Some investors are capping the amount of money they allocate to these funds, fearing blowups. Others are avoiding newer entrants, saying they could be hurt the most by a big unwinding. Smaller hedge funds, meanwhile, are looking for ways to profit from the market dislocations these larger competitors create.
With $62 billion of assets under management, Citadel is so big that its trades “could at times represent a high multiple of average daily trading volumes,” potentially limiting its ability to sell quickly without sending prices tumbling, S&P analyst Thierry Grunspan wrote in an April report.
“Everyone says ‘We are going to be the one that is able to run out of the crowded theater,”’ said New Holland Chief Executive Officer Scott Radke, whose firm manages about $6 billion. “But it works less well as the theater gets more crowded, and maybe you are less nimble than you thought.”
COMMENTS: This is worrying
Vanguard’s Biggest Bond ETF Becomes First to Break $100 Billion-BBG
A bond exchange-traded fund crossed $100 billion for the first time since such products launched over two decades ago.
A $14 million inflow Wednesday pushed assets in the Vanguard Total Bond Market ETF (ticker BND) above $100 billion for the first time ever, data compiled by Bloomberg show. BND has absorbed $15.6 billion so far this year.
The milestone marries two of 2023’s biggest trends: The highest yields in years have made fixed-income more appealing, while relatively low-cost, tax-efficient ETFs have consistently stolen market share from their more expensive mutual fund brethren.

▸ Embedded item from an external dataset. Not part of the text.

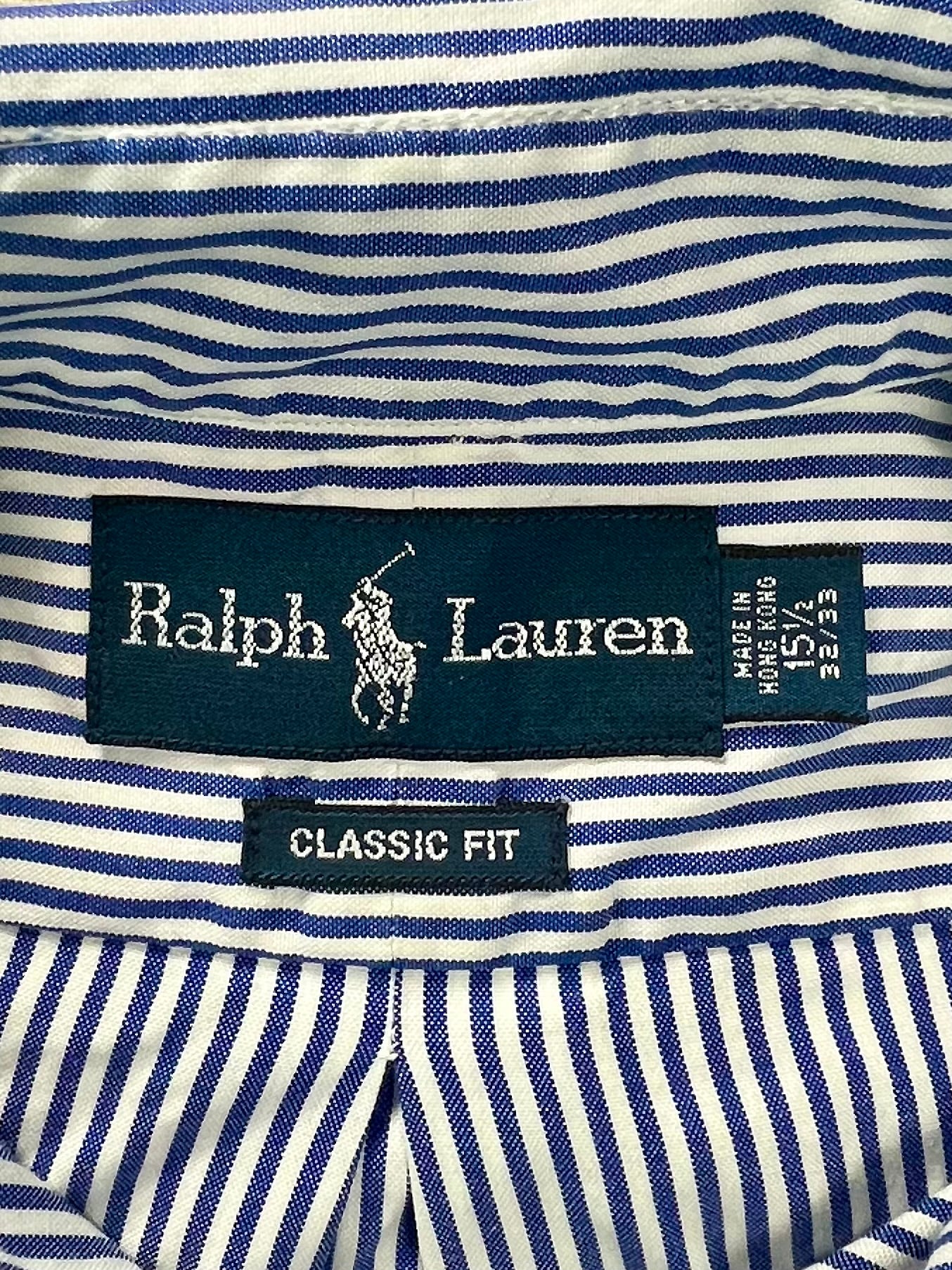 Camisa de botones Polo Ralph Lauren 🏇🏼 de rayas en color azul navy y blanco Talla M Entalle Clásico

“There’s likely a large portion of flows coming from mutual funds too, as a source of growth,” said Todd Sohn, ETF and technical strategist at Strategas Securities, adding that since the interest-rate liftoff in March 2022 through last month, fixed-income mutual funds have lost $500 billion.
“It’s not surprising when you offer up 18,000 bonds for three basis points that’s going to get weatherproof flows,” said Bloomberg Intelligence senior ETF analyst Eric Balchunas. “That’s money coming in rain or shine, because it’s that good of a deal.”

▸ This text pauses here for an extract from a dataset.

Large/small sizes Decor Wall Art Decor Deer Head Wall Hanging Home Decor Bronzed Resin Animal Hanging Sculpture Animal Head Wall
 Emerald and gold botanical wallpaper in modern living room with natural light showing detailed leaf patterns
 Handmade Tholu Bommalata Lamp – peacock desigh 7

Goldman Says ECB to Cut Interest Rates Sooner Than Expected-BBG
The European Central Bank won’t wait as long as previously forecast to cut its interest rate, with the first reduction now anticipated in the second quarter, Goldman Sachs economists said.

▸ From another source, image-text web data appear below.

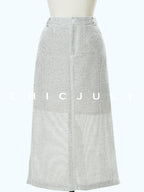 chicjuly Silver Glitter T Pocket Minimalist Women's Linen High Waist Top & Skirt Sets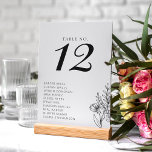 Tarjeta De Mesa Boda clásico Minimalista moderno negro y blanco<br><div class="desc">Número de tabla de Bodas Minimalistas clásicos negros y blancos modernos.</div>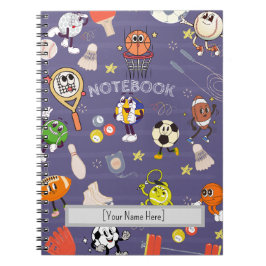 Retro Sport Squad: Vintage Cartoon Athletics ノートブック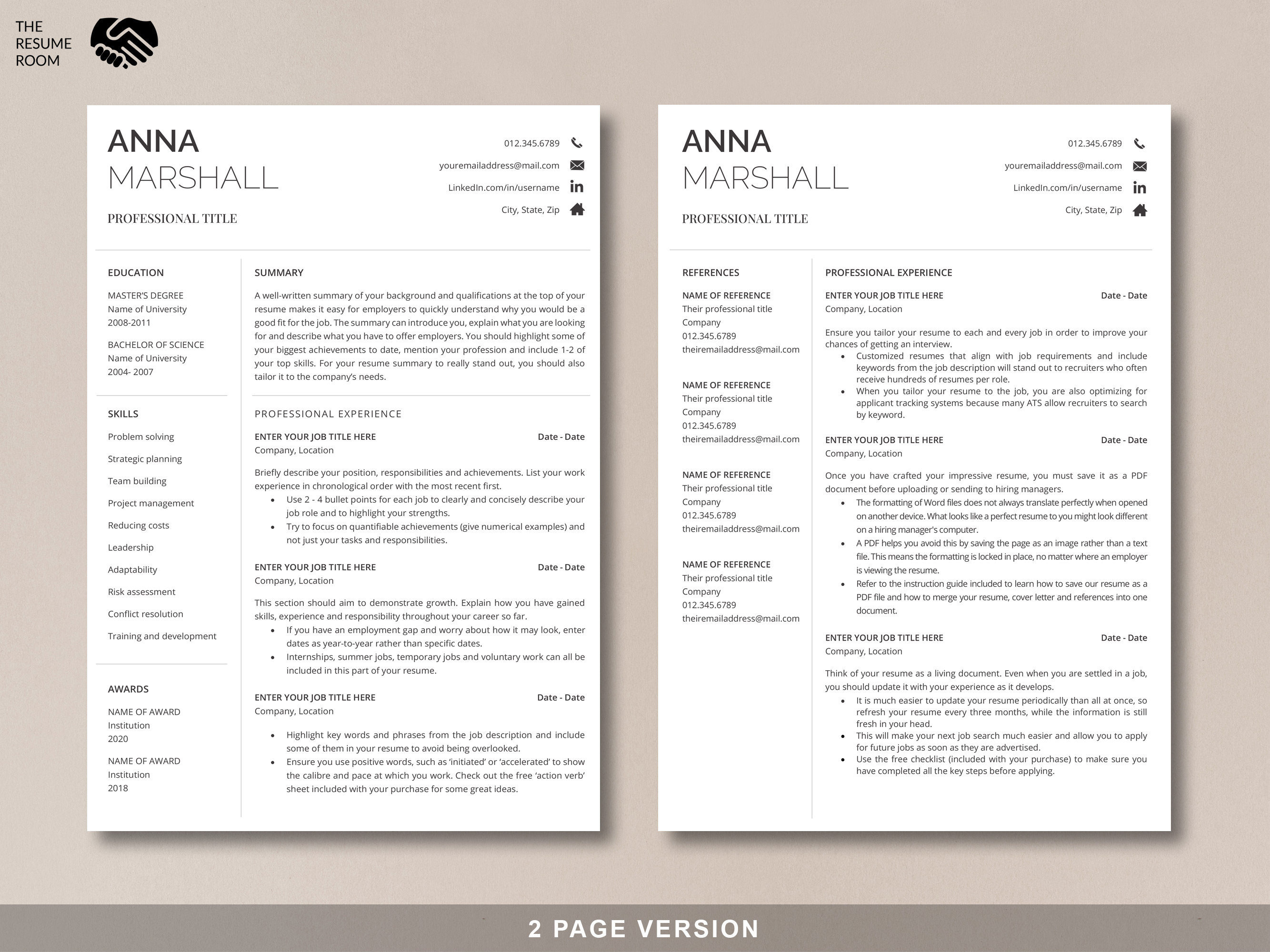 Professional Resume Template for Word | Cover Letter + References ...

The US investment bank changed its prediction in a report on Thursday, hours after data showed that inflation in the region weakened markedly toward the 2% goal targeted by policymakers. Economists including Jari Stehn previously expected a move in the third quarter.
“While we see a significant hurdle for rate cuts before Q2, the risks around our baseline are clearly skewed towards a faster cutting cycle if inflation continues to slow more quickly than expected or if growth fails to improve next year,” the analysts wrote.
COMMENTS: European markets loving this today
China’s Xi Seen Delaying Key Economic Plenum, Defying Norms-BBG
President Xi Jinping appears set to postpone a party meeting held every five years to chart his nation’s long-term reform agenda, the latest example of the Chinese leader disregarding decades-old norms.
The ruling Communist Party’s Politburo skipped setting a date for the third plenum at its meeting this week, according to the official read out. That leaves little time for the conclave that normally focuses on economic issues to assemble this year.
Delaying the meeting to 2024 would mark the first time it’s been held in an off-schedule year in over three decades. The third plenum normally comes in October or November, one year after China’s new leadership team is set, according to a Bloomberg analysis of meeting readouts.